It looks like EMA has a higher coverage in those regions, however all those extra alignments are secondary (shaded on the screenshot). I'm wondering if that's an expected picture for EMA? And those secondary alignments could not be resolved via the linked read information? As far as I understand, those secondary alignments will be ignored by variant callers. They look to add up noise in variation, as in this CYP2D6 screenshot (more vertical colored lines at the coverage tracks):

Please, correct me if I'm wrong. I see you evaluated those regions with a more sophisticated strategy by checking against the NA12878 assemblies, so probably I'm not looking at these regions the right way.

A. R. Shajii · Answer 1 · Thu Mar 22 2018 00:12:23 GMT+0800 (China Standard Time)

I believe those are actually low-MAPQ alignments (EMA doesn't output separate secondary alignments right now, aside from the XA tag which AFAIK doesn't show up in IGV).
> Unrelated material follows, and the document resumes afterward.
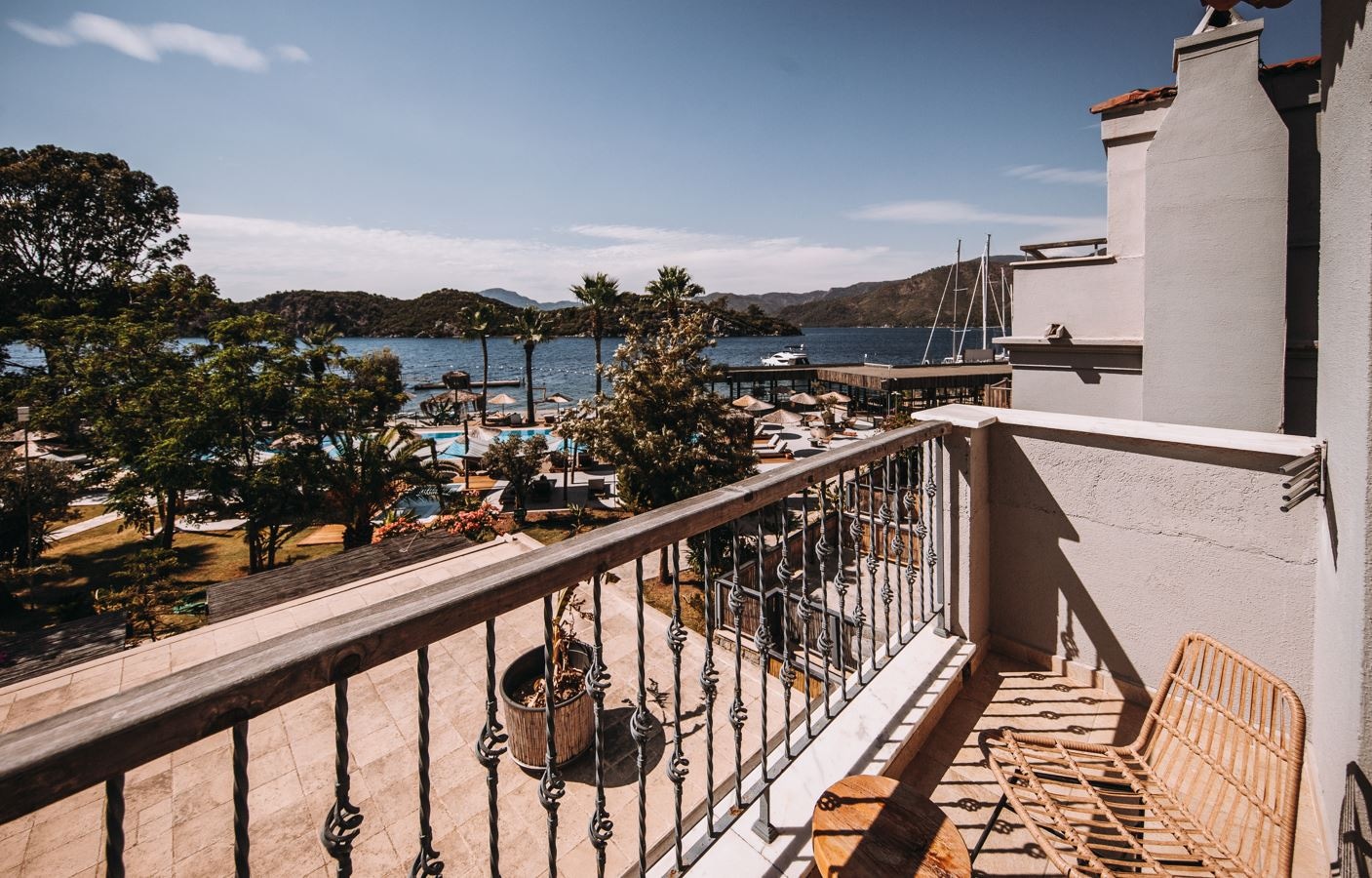 rooms-standard-room-sidesea-view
I was actually planning on refining how MAPQs are assigned to reads in these homologous regions, which should fix this.

Vlad Savelyev · Answer 2 · Thu Mar 22 2018 07:42:44 GMT+0800 (China Standard Time)

That's right, those are primary alignments, sorry for the confusion (though most of them have better matches somewhere else, but I guess we can trust them since you proved they are supported by the assemblies). That's a good news then; looking forward to refined MAPQ.